- **Work item**:
Excluding pictures, reproduce word for word the lines from the one containing "soft launching event" through the end of the material below.

- **Source data**:
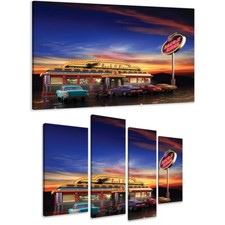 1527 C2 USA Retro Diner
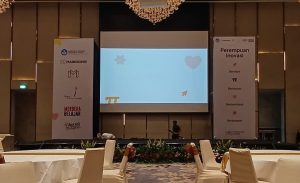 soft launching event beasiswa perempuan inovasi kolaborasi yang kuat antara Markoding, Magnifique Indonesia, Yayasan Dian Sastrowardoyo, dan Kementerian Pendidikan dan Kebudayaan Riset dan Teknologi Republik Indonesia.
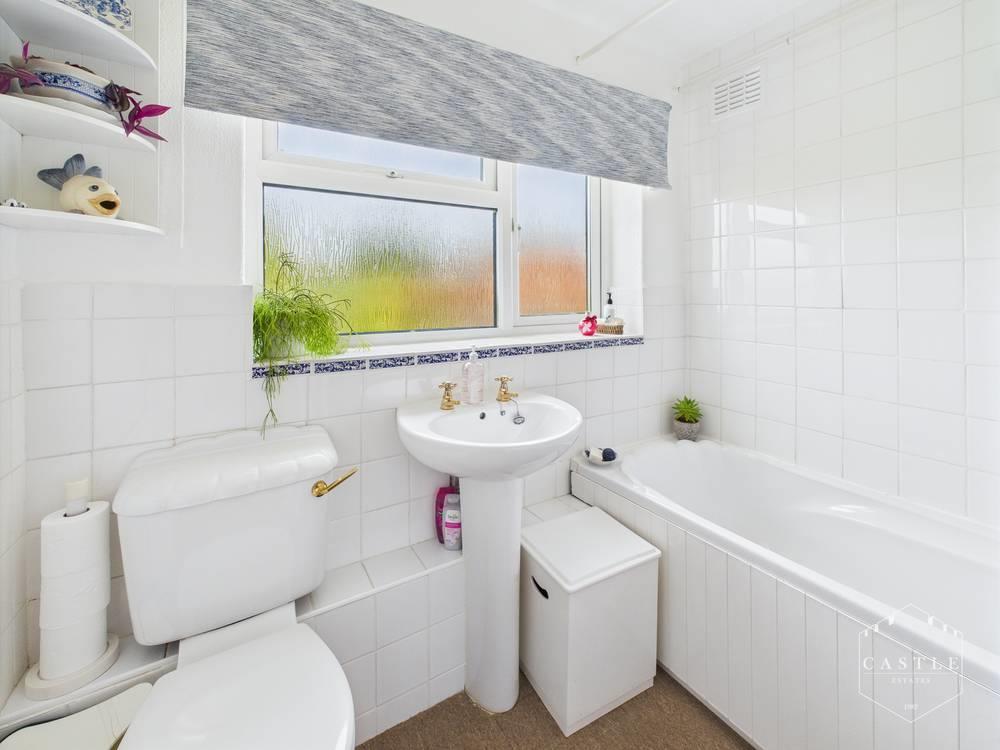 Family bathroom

- **Task output**:
 soft launching event beasiswa perempuan inovasi kolaborasi yang kuat antara Markoding, Magnifique Indonesia, Yayasan Dian Sastrowardoyo, dan Kementerian Pendidikan dan Kebudayaan Riset dan Teknologi Republik Indonesia.
 Family bathroom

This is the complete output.